GIVEN RECORDS:
:::

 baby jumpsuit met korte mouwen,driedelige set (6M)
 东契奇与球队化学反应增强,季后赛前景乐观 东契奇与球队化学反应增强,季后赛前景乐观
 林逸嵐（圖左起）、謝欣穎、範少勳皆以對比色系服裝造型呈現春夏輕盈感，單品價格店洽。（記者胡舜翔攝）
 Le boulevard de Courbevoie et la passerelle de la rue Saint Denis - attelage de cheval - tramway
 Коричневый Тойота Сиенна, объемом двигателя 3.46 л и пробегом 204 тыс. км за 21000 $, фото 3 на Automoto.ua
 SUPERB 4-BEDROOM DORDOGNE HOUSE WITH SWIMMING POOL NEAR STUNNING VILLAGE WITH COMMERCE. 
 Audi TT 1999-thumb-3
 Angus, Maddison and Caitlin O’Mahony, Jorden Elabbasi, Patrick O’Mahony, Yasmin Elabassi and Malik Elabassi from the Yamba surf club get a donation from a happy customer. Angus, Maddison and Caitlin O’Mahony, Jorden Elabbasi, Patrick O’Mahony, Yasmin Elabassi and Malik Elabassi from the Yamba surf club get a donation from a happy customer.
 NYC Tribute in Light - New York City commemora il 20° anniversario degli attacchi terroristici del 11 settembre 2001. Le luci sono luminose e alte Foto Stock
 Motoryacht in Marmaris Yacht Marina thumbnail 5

:::

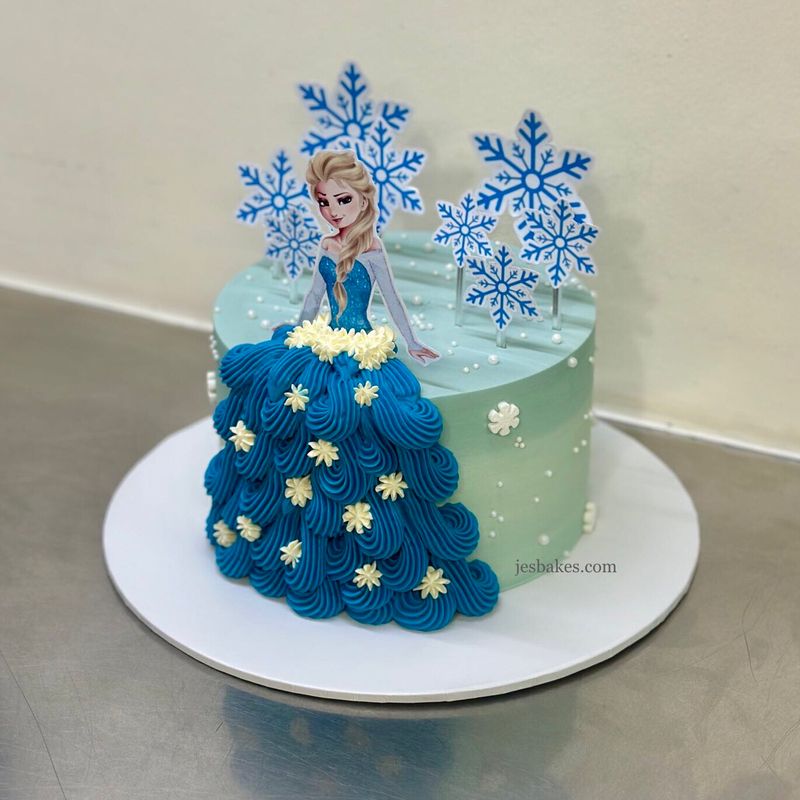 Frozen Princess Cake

:::

REQUIREMENT: Above are the records; from them, give again exactly the lines from the one containing "baby jumpsuit met" to the one containing "Motoryacht in Marmaris", both lines included, and nothing more.

RESPONSE BELOW:
 baby jumpsuit met korte mouwen,driedelige set (6M)
 东契奇与球队化学反应增强,季后赛前景乐观 东契奇与球队化学反应增强,季后赛前景乐观
 林逸嵐（圖左起）、謝欣穎、範少勳皆以對比色系服裝造型呈現春夏輕盈感，單品價格店洽。（記者胡舜翔攝）
 Le boulevard de Courbevoie et la passerelle de la rue Saint Denis - attelage de cheval - tramway
 Коричневый Тойота Сиенна, объемом двигателя 3.46 л и пробегом 204 тыс. км за 21000 $, фото 3 на Automoto.ua
 SUPERB 4-BEDROOM DORDOGNE HOUSE WITH SWIMMING POOL NEAR STUNNING VILLAGE WITH COMMERCE. 
 Audi TT 1999-thumb-3
 Angus, Maddison and Caitlin O’Mahony, Jorden Elabbasi, Patrick O’Mahony, Yasmin Elabassi and Malik Elabassi from the Yamba surf club get a donation from a happy customer. Angus, Maddison and Caitlin O’Mahony, Jorden Elabbasi, Patrick O’Mahony, Yasmin Elabassi and Malik Elabassi from the Yamba surf club get a donation from a happy customer.
 NYC Tribute in Light - New York City commemora il 20° anniversario degli attacchi terroristici del 11 settembre 2001. Le luci sono luminose e alte Foto Stock
 Motoryacht in Marmaris Yacht Marina thumbnail 5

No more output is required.